I've only been to Califur so far, cons so far seem to have a good image especially since most furries are tired of bad press, and would like the Hotels to continue hosting the furcons so in public it should be fine. I was warned about going to private "room" parties though,and the art auction had an "Adult" only section all walled off, I can only imagine what was in there. so if those arent problems it should be fine


----------



## Aden (Jul 31, 2010)

Just direct her to the AC site. It's informational and stays away from mentioning anything about the adult side. Skewed? Yes, but who cares?


----------



## Sumi (Jul 31, 2010)

Haha, Alright


----------



## FireFeathers (Jul 31, 2010)

AC's a good convention to visit; definately gets the gist of the message all in that big, giant airplane-hangar of a room, that's for sure.


----------



## Istanbul (Jul 31, 2010)

If she's not put off by anime cons, she'll be just fine with most furry cons.
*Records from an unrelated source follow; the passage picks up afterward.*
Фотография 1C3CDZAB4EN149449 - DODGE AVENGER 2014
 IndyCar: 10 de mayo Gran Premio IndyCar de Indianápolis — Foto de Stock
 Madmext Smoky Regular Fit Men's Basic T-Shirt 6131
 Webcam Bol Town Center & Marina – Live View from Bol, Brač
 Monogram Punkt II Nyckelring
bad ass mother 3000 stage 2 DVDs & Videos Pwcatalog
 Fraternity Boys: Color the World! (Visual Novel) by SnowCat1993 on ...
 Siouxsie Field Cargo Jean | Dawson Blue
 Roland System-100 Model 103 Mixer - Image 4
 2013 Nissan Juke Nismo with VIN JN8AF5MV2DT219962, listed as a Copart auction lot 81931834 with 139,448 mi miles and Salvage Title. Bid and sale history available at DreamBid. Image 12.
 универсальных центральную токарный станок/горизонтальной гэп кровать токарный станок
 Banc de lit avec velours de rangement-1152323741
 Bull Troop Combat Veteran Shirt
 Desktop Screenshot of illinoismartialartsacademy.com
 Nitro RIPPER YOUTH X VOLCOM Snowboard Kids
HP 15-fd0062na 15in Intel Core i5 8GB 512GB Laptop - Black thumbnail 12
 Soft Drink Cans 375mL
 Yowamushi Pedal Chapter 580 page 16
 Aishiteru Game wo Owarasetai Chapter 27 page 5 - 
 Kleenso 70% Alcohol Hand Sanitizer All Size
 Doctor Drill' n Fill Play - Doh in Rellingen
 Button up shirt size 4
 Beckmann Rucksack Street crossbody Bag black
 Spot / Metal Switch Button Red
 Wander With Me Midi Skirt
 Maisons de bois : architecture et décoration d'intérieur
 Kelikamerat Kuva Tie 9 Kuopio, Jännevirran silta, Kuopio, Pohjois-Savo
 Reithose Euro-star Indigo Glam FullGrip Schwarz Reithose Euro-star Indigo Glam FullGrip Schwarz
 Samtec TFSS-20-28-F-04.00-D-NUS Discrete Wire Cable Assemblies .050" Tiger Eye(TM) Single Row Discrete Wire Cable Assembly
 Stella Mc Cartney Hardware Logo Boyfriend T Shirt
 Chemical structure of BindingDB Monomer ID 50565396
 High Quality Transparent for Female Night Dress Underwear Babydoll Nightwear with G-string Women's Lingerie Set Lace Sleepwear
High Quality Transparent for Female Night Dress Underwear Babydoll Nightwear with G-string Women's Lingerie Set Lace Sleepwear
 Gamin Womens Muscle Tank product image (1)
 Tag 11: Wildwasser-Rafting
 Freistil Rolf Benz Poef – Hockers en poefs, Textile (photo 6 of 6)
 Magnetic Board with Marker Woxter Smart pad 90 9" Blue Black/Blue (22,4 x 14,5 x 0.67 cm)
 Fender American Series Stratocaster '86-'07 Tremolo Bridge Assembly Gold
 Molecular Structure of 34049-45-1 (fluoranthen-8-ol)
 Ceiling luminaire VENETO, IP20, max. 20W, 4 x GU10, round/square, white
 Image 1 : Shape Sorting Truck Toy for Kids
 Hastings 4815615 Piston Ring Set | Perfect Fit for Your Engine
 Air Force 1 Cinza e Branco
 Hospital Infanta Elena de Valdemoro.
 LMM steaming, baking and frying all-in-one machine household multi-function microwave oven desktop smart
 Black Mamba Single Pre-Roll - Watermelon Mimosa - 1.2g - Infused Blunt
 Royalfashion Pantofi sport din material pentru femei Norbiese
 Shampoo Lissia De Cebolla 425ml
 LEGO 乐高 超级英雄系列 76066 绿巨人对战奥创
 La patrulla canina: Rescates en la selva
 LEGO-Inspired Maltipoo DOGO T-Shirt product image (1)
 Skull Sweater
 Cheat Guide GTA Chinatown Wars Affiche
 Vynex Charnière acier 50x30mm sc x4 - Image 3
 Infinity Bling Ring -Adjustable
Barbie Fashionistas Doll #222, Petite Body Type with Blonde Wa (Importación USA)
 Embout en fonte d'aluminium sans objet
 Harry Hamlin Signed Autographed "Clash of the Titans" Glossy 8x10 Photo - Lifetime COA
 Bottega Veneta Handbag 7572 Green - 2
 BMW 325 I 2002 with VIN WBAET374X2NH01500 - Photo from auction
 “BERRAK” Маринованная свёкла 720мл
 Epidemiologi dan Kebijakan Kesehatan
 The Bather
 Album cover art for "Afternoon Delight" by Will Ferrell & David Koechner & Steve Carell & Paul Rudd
Furry cons are far less destructive/insane/scary than most anime cons.


----------



## Stargazer Bleu (Jul 31, 2010)

The anime expo in LA this year was more insane that fur cons I been to.

I think it should be ok to go there.


----------



## RoseHexwit (Jul 31, 2010)

The news report about last year's Furry Fiesta talked about a girl who went with her mom. The mom was skeptic about Furries but ended up having a decent time. Let's see if I can dig up a link...

http://www.youtube.com/watch?v=lIp9QehSnBU


----------